Это важно знать, если думать об истоках печали Ивана Сергеевича, о его «нерадостной судьбе». Но не только это. За ответом лучше обратиться к самому Ивану Сергеевичу, к написанному им... Да и есть ли ответ? Печали преходящи, необманно служение делу жизни; кто лучше служит ему, тот и живет в ладу с самим собой и с людьми. Образ «мастера золотые руки» — центральный, заглавный во всем литературном наследии И. С. Соколова-Микитова, начиная с кузнеца Максима в раннем цикле «Былицы» и дальше. В документально-героической эпопее начала тридцатых годов «Спасание корабля» в поле зрения писателя постоянно находится начальник Эпрона Фотий Крылов: участника экспедиции по спасению ледокола «Малыгин» Соколова-Микитова восхищают преданность делу, воля, сметка, безжалостность к себе — и простота, открытость бывшего балтийского матроса Фотия Крылова (Иван Сергеевич тоже был балтийским матросом). Вот как он написал о начальнике Эпрона: «Есть в Крылове что-то ребячье, задорное. Такие живые лица видел я у деревенских самых пытливых и умных мальчишек. Я так и вижу: деревня, вечер, деревенская улица, по широкой пыльной дороге гонят бойкие ребята в ночное. А впереди всех на саврасой маленькой кобыленке, расставив широко голые пятки, скачет-трясется самый маленький, из всей деревни самый бедовый — Хотей...»
Так всегда у Соколова-Микитова: куда бы ни заносила его судьба, то есть целенаправленная воля искателя сокровищ человеческих душ, одной ногою он остается в родной деревне, на той самой почве, из которой произрастает русский народный характер, лучшее, доброе в нем (но и плевелы тоже; любя деревню, Соколов-Микитов никогда ее не приукрашивал).
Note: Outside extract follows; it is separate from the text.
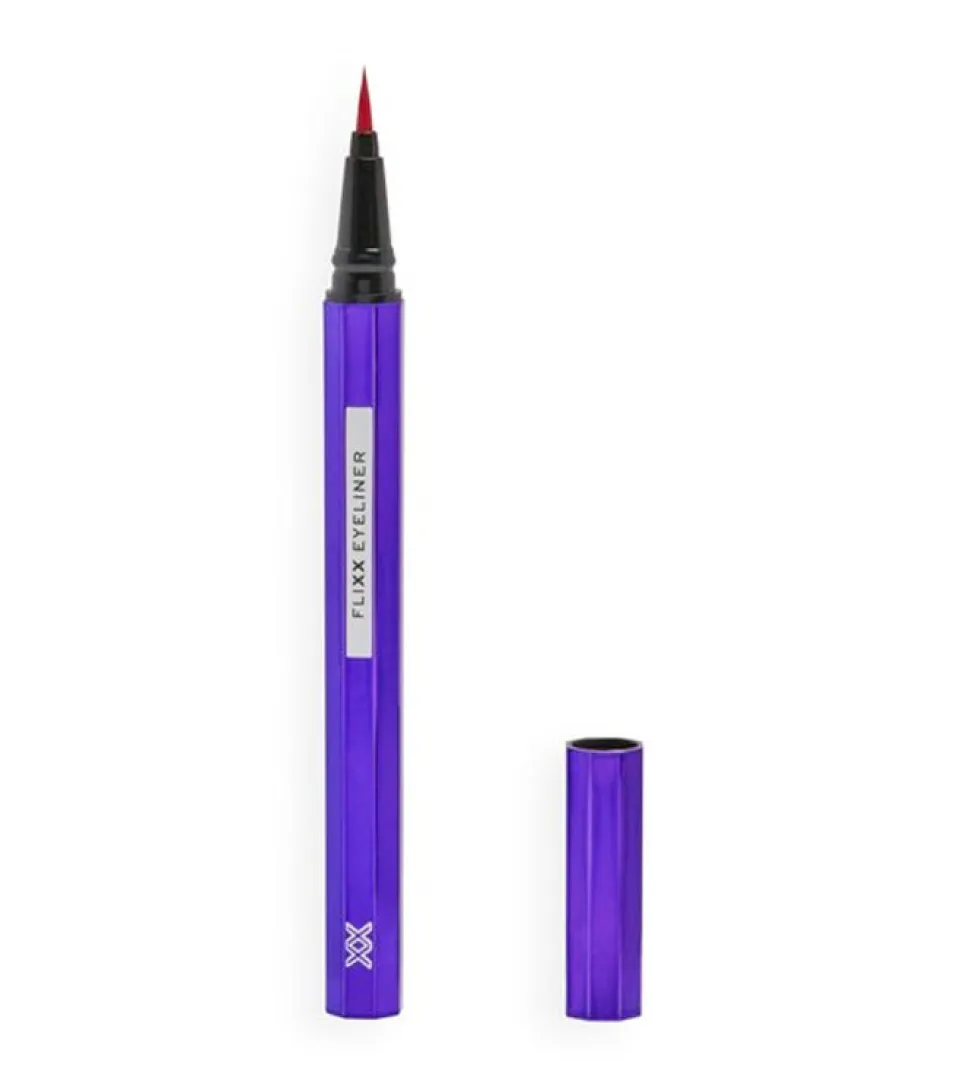 Delineador de ojos líquido Flixx Eyeliner - Manifest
В конце жизни, обращаясь памятью к людям, отмеченным высшей в понимании писателя добродетелью — верностью долгу, И. С. Соколов-Микитов написал очерк об И. А. Бунине. Я приведу заключительные строки очерка, важные для понимания жизненной и писательской позиции самого Соколова-Микитова: «Бунин прожил долгую, толстовскую, редкую у писателей жизнь. В записках своих, жена Бунина вспоминает, что умирал он, терпеливо перенося страдания, выполнив до конца долг, подобно моряку Бернару, о котором писал Мопассан. И до последней минуты вспоминал Россию».